Mock Presidential Debates Inspire Young Afghans to Engage with the Electoral Process

March 31, 2014

In the run-up to the April 5th elections in Afghanistan, the Afghan Cultural House (ACH) with support from Internews has been holding mock presidential debates for youth to give them opportunities to increase their understanding of the electoral process and advocate their positions on important issues.

“When I was speaking, I was looking to the audience who were listening to me carefully,” said Abdul Ali, age 19, one of the mock presidential candidates. “I saw young friends noting down things and finally they asked me their questions. I was so excited to find my friends interested in the event.”

Afghans under 30 years old constitute the majority of the country’s citizens. However, this potentially powerful group is characterized by widespread political disillusionment. Increasing youth involvement in the electoral process is crucial to upholding Afghanistan’s fledgling democracy.

Each mock debate features four to six students who are allotted five minutes to present their platform as if they were running for President of Afghanistan. Members of the audience ask questions, often posing as journalists, and then vote for their preferred candidate.
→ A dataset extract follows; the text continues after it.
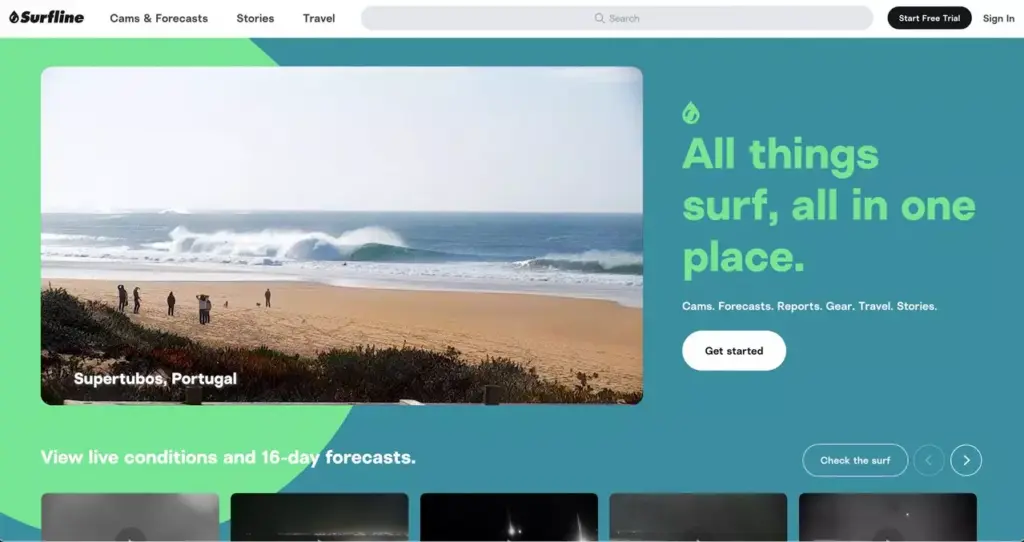 surf-forecast-surfline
The mock debates have been held once or twice weekly since early February, and indicate a growing sense of civic engagement among young Afghans.

“I will find chances to raise my voice and reach authorities to hear me,” said Nahida Mohibbizada, age 24. “I want to participate in politics of my country and this event was a good chance to prove to myself what having a political speech would look like before public.”

Students who have participated in the debates have reported gaining a deeper and more nuanced understanding of the political process as well as some of the challenges faced by presidential candidates.

“It was so interesting for me, because I was acting as a presidential candidate and I was able to feel the people problem from a view of a president,” said 18-year old English student Ghafoor Ansari.

Nahida Frough, age 20, added, “Although it’s difficult for women to participate in elections, this was helpful because now I can better encourage my father to let my mother and sisters vote for the future.”

The project was funded by the Australian Government Department of Foreign Affairs and Trade (DFAT) through Afghanistan Capacity for Media and Elections (ACME).